That was the old valley. The new valley, now one of the most vibrant and economically diverse areas of the city, has added 47 new businesses since 1999,  according to Zetts. The new businesses are much more diverse than the tanneries and machine shops they replaced. They include the Harley Davidson Museum, pizza company Palermo VillaBadger Railing and the Spain-based renewable energy company Ingeteam, which relocated to the valley in part because of its proximity to a large workforce, Zetts said.

Summer campers from the Menomonee Valley Urban Ecology Center observe the eclipse in Three Bridges Park. Photo by Adam Carr.

Summer campers from the Menomonee Valley Urban Ecology Center observe the eclipse in Three Bridges Park. Photo by Adam Carr.

In addition to new companies, several older businesses in the valley, including Potawatomi Hotel & Casino, which is currently constructing a second hotel tower, have expanded. Another growing business is Standard Electric Company, 222 N. Emmber Lane.  Larry Stearn, owner and president of the company, which moved to the valley from downtown 30 years ago, said he recently purchased land on the east end for future expansion.

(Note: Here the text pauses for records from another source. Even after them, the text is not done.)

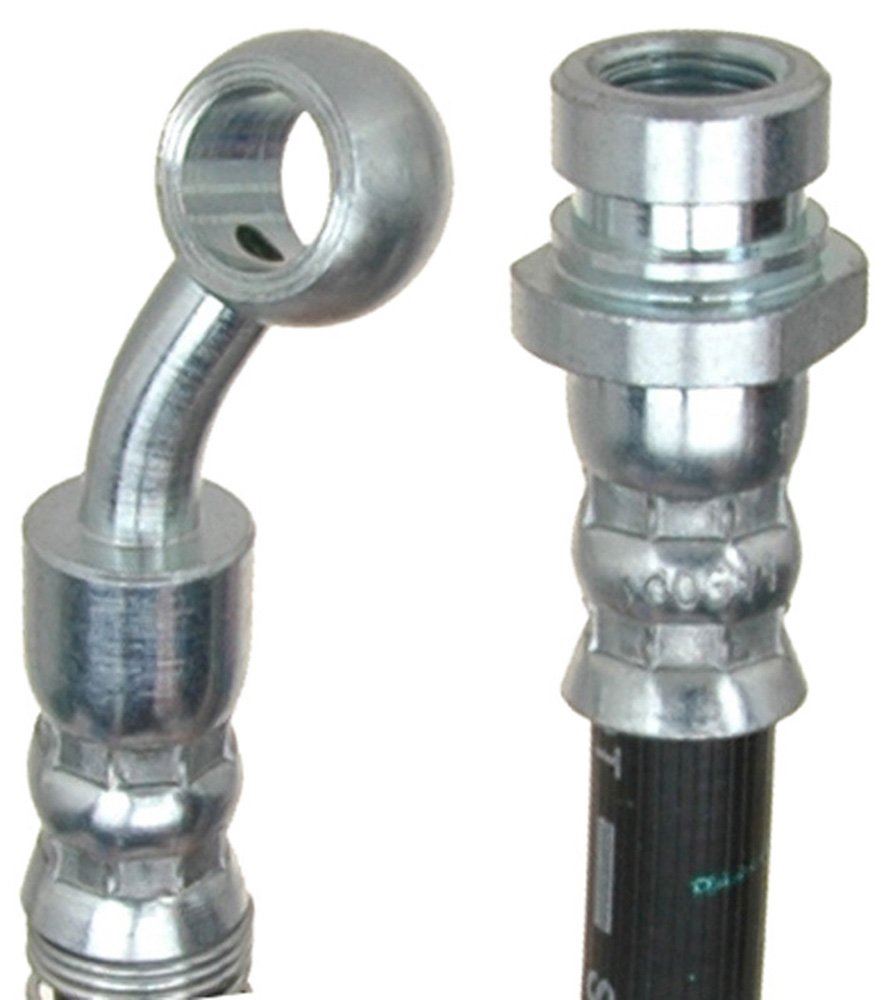 Raybestos BH383035 Brake Hydraulic Hose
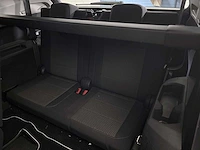 Volkswagen tiguan allspace 1.5 tsi comfortline business 7p. i | j-694-rf - afbeelding 8 van  13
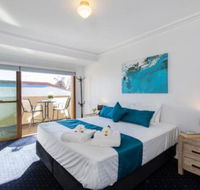 Carrington Charm CBD WiFi Parking - Mackay Tourism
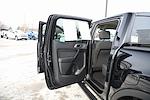 2023 Ford Ranger SuperCrew Cab 4WD Pickup for sale #P7395 - photo 22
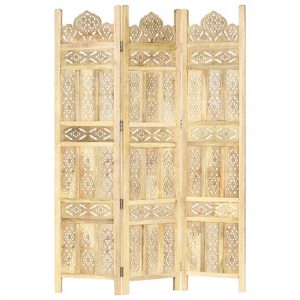 fauci-mango-3-panels-120cmx165cm-room-divider-natural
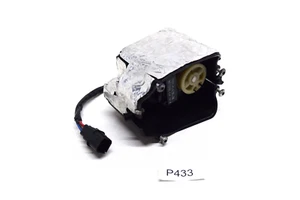 Ducati Panigale 899 1199 1299 Exup Servo Motor Exhaust Valve Exhaust - Picture 1 of 7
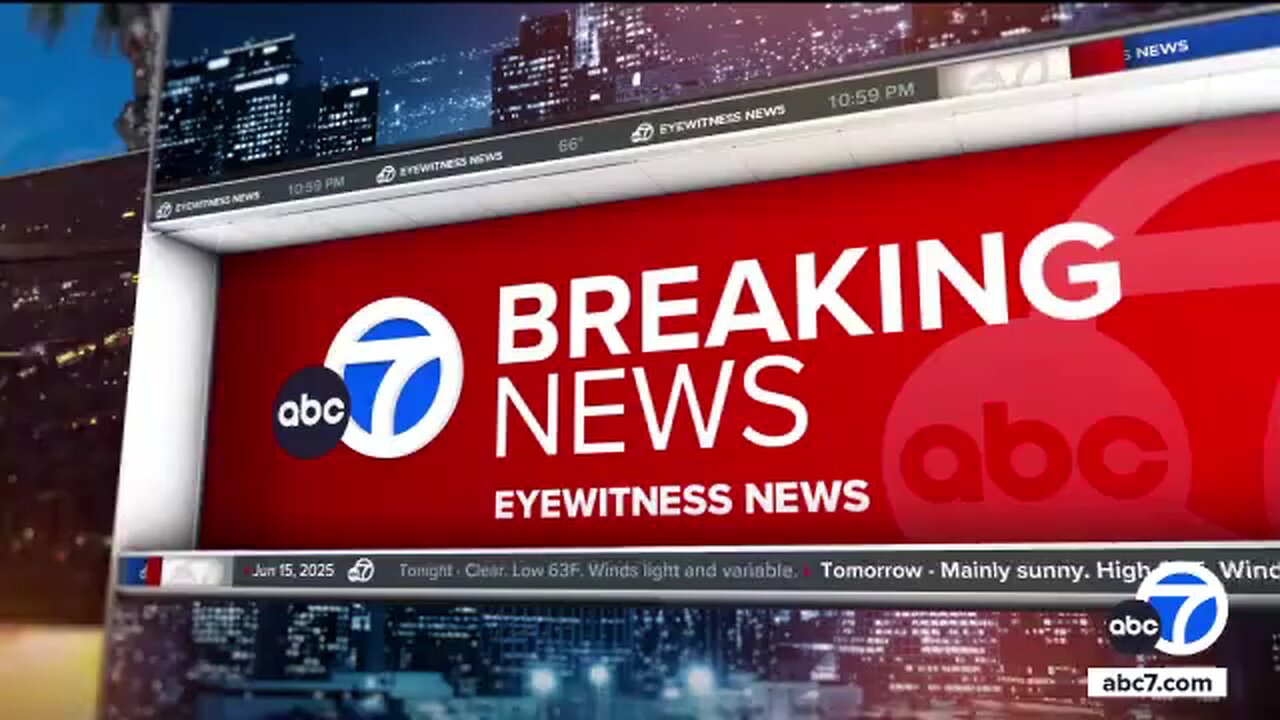 Suspect in Minnesota lawmakers' killings arrested Sunday evening, ending massive manhunt.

Industry growth in the valley has resulted in the creation of 5,000 new jobs since 1999, Zetts said, adding that the property tax base in the area increased from $62 million to $270 million, a 335 percent increase, during that time.

The Menomonee Valley’s comeback story began in 1998, when the city released its original land use plan for the area. In 1999, the plan was sitting on the desk of Julie Penman, Milwaukee’s new commissioner of city development, which let her know it was a top priority, she said. While many considered the area an eyesore or a dumping ground, there were also those who realized that buried under decades of pollution and neglect was an area teeming with potential.

“We went out and got governmental agencies, real estate minds, the private sector, [and] community stakeholders together to figure out how to fix the valley. The key was public-private partnerships that made available funds that wouldn’t have been available otherwise,” said Penman, principal at Penman Consulting and MVP board member.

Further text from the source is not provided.